«Ospedale di zona disagiata, Marsilio mantenga la parola»

1 Maggio 2019

GUARDIAGRELE. Dov’è finito l’ospedale di zona disagiata che avrebbe dovuto trovare posto al Santissima Immacolata, così come promesso in passato? Lo chiede l’associazione Salute è Diritto, che torna...

GUARDIAGRELE. Dov’è finito l’ospedale di zona disagiata che avrebbe dovuto trovare posto al Santissima Immacolata, così come promesso in passato? Lo chiede l’associazione Salute è Diritto, che torna a invocare l’apertura dell’ospedale di zona disagiata.
Dall’associazione arriva la richiesta di un incontro ufficiale al presidente Marco Marsilio e all’assessore alla sanità Nicoletta Verì, ricordando che nell’ultimo incontro, l’allora candidato presidente Marsilio rassicurò che sarebbe stato tra le sue priorità riconoscere e istituire a Guardiagrele un presidio di zona disagiata.
Negli ultimi mesi, il sodalizio ha ricevuto diverse segnalazioni di disservizi sanitari. Molti riguardano la Radiologia, costretta ad operare soltanto 6 ore al giorno e quindi gli utenti del comprensorio sono costretti a rivolgersi agli altri ospedali maggiori intasandoli a loro volta.
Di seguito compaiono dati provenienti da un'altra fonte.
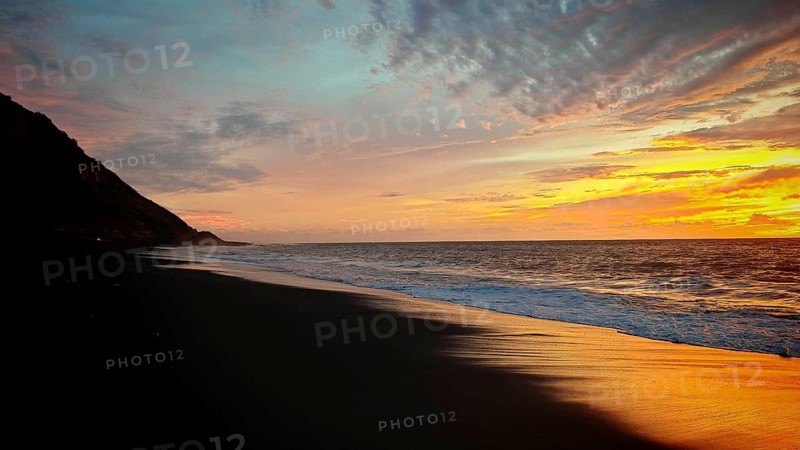 Glowing sunset on dark beach against mountains and glowing sky, volcanic sand, hiking, Tarrafal de Monte Trigo, Santo Antao, Cabo Verde, Cape Verde, Cape Verde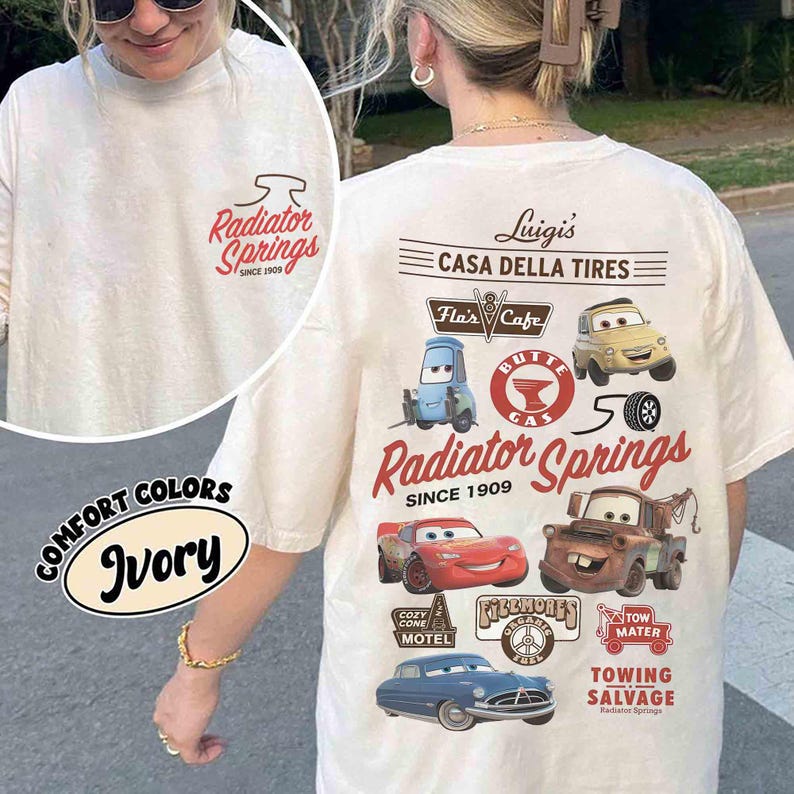 May include: An ivory t-shirt featuring a small Radiator Springs logo on the front chest and a large graphic on the back. The back design includes illustrations of characters from the movie Cars, with text reading Luigi's Casa Della Tires, Flo's V8 Cafe, and Tow Mater Towing & Salvage.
Altre segnalazioni, riferisce ancora l’associazione, riguardano la mancanza dell’ecografo, altro grande problema che affligge l’utenza dell’ospedale. L’associazione chiede al presidente Marsilio di «risolvere al più presto questa spiacevole e fastidiosa situazione».
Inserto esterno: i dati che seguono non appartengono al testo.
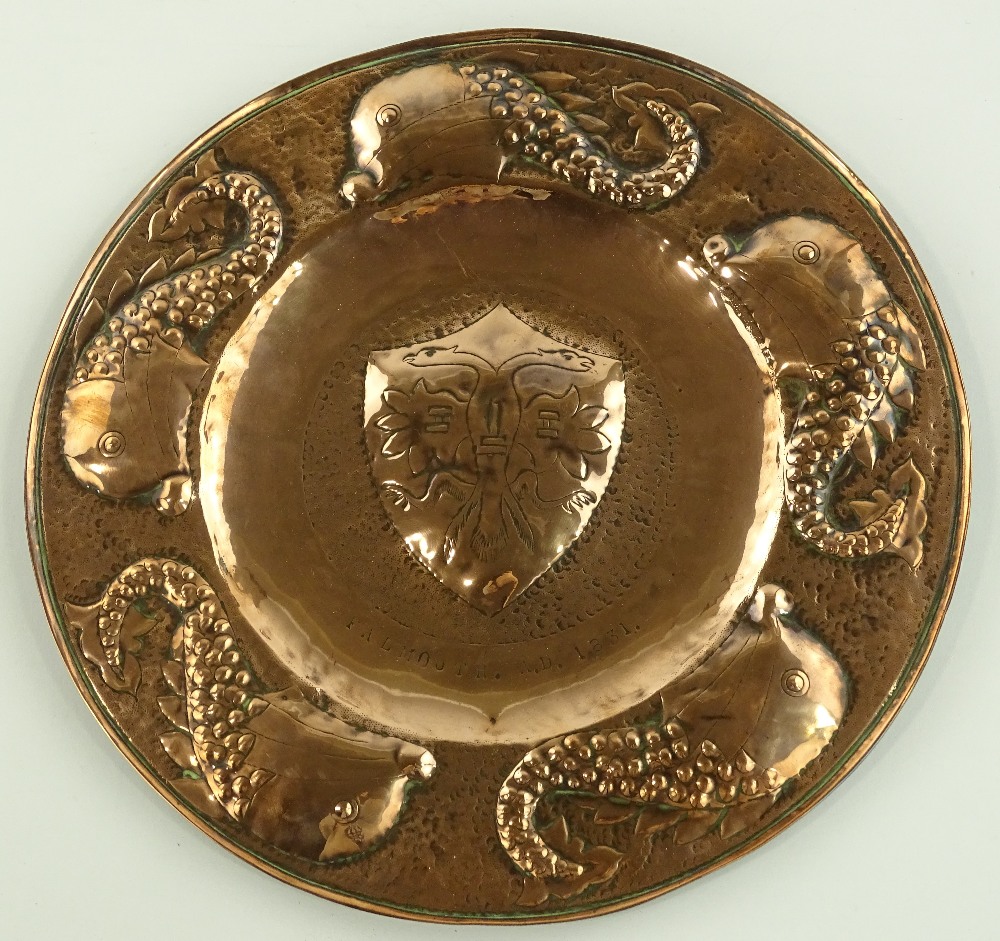 A Newlyn Arts & Crafts copper charger, relief embo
E infine l’associazione lancia un messaggio anche «a chiunque faccia solo propaganda personale o politica verso l’ospedale: smettetela di utilizzare questo tema cosi importante per scopi diversi. Tutti devono sapere che il territorio guardiese per le sue caratteristiche geografiche, demografiche e viarie non può prescindere dall’avere un ospedale vero e proprio e non solo un distretto», conclude l’associazione.